Home Market Market Watch Seed Consultant 3/8/2013 Weekly Comment with Gary Wilhemy

Seed Consultant 3/8/2013 Weekly Comment with Gary Wilhemy


236,000 jobs added in February and unemployment is at 7.7%. Economists, generally feel that government finagling distorts the report 2% or more. The Dow hits another new high up 75 at the open and then fades by 9:00 AM CST. S&P hit 1551 or above resistance and NASDAQ went to a 12 year high. Equities were acting a bit fatigued and concerned about the approaching continuing resolution, delaying the debt day of reckoning. The equity markets have been in part driven by money coming out of commodities and low interest bonds. The Fed’s printing of money and aggressive government spending has been cracking the whip.

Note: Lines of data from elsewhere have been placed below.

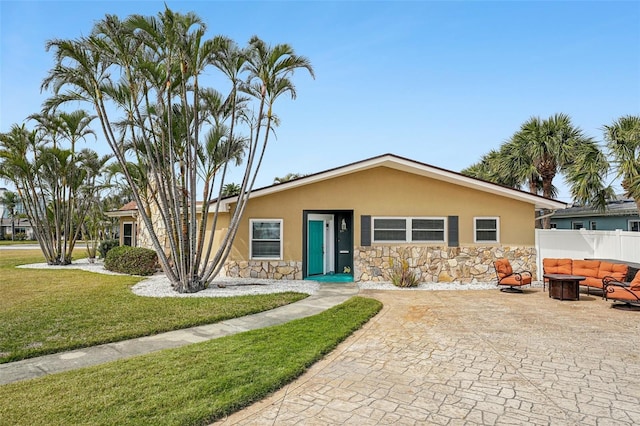 view of front of property featuring stone siding, a front yard, stucco siding, and fence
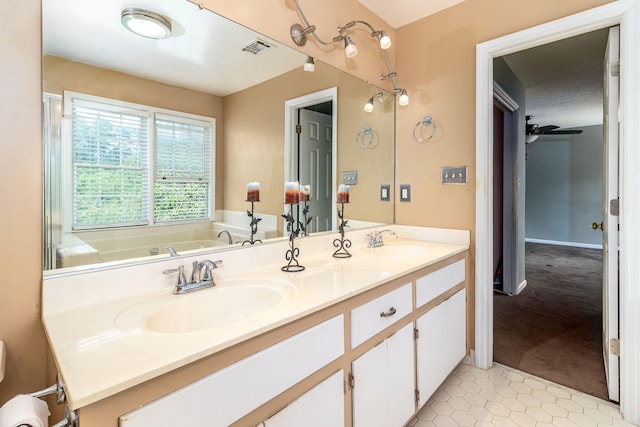 2531 Tupelo Dr, Augusta, GA 30909 - full bathroom with double vanity, tile patterned floors, and a tub
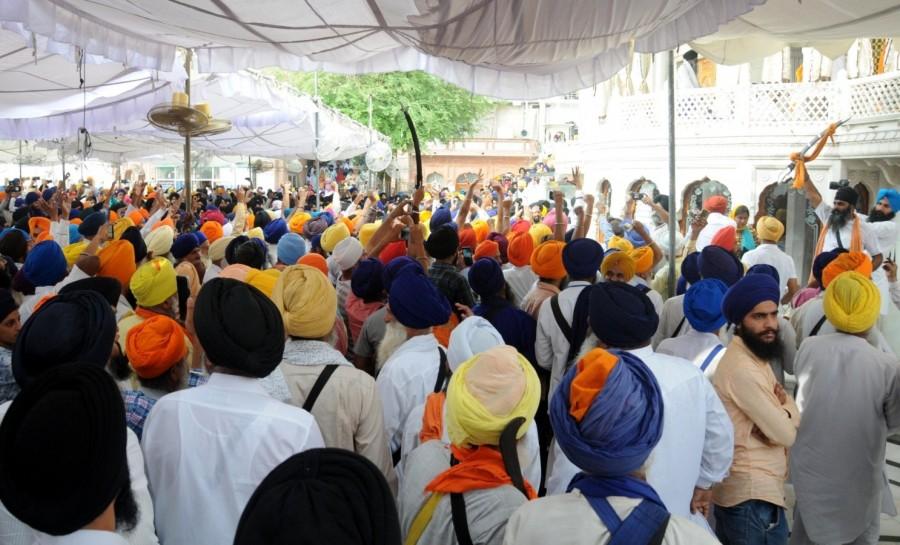 Sikhs stage a demonstration against Operation Blue Star during a programme organised to pay tributes to those killed in the military operation at Golden Temple in Amritsar on June 6, 2018. Brandishing of swords and open use of sticks was witnessed on Wednesday during a ceremony to mark the 34th anniversary of the Army's 'Operation Blue Star' inside the Golden Temple complex. The clash between radical Sikh elements and the Shiromani Gurdwara Parbandhak Committee (SGPC) took place right in front of the Akal Takht, the highest temporal seat of Sikh religion. Operation Blue Star,Golden Temple,Amritsar,golden temple amritsar,Sikhs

Chinese economic data has been mixed as they attempt to drive growth while restraining inflation. The dilemma for the Chinese is that their hybrid form of government has never had to deal with such issues, and they learned their economic techniques from us, and we are policy challenged.
Europe’s problems have been crowed off the front page, but are no closer to solution.

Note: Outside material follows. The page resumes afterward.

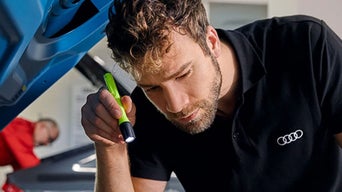 Service technician working on brake and rotor.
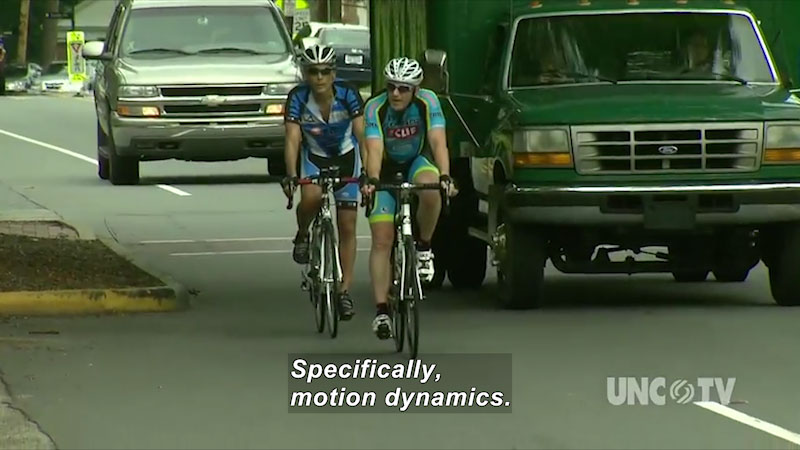 Two bicyclists on a city street with vehicles. Caption: Specifically, motion dynamics.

The sequester, is beginning to chew away at our economy and military, and as AG secretary Vilsack has stated the cuts can be deep for farmers and ranchers. When the only solution we can come up is pulling our own teeth, well that really hurts.

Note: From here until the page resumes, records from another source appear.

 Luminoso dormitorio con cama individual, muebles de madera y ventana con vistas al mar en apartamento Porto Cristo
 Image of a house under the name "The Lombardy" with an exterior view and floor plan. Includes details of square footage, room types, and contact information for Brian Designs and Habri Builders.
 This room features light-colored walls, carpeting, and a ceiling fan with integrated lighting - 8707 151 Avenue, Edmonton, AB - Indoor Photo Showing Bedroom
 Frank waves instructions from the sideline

The supply-demand report was released at 11 AM CST, right in the middle of the session, which seams perilous for such a volatile market environment. The trade has been lighter as funds are transferred to the strong equity markets, but that also enhances the risk of violent reaction. Corn and wheat came into the report heavily short, while soybeans are range bound. Best guesses project little in the way of change in carry over’s and that is normal for this period in time. South American soybeans are estimated at 52 MT in Argentina and 83 MT in Brazil, or adequate in summation.
At the end of March the acreage and stocks report will we out. Prospective plantings are just that, and the salient point is what the weather will allow. The Quarterly Stocks in all Positions is the prime calibration of domestic usage. A couple things to be mindful of are, diminished feed and ethanol consumption, and export sales have been quite poor in corn, fair in wheat and strong in soybeans, led by China. February, Chinese soybean imports, however, sagged as they attempted to increase domestic prices.
The meat markets have been brutalized by the clever driving hogs down to a RSI of 10. A short covering rally occurred out of that depressed position, but fundamentals remain troubled. Early Friday hogs slide back down and so did the cattle. Pork cut out fell $2.50 in the last week. Boxed beef jumped $10, but cash was unchanged and that is unusual. Cattle futures continued to struggle near their lows. Pastures have improved in the southwest and southeast. The big winter storm put a short term hole in development and transportation in cattle.
The S/D report was unchanged in corn and soybeans with wheat carry over 25 m lower. Market action was mild in the grains, but May soybeans sold off about 13 cents, initially as South American production was verified at record levels. Corn exports were lowered by 75 m bushels and expanded competition in wheat was recognized.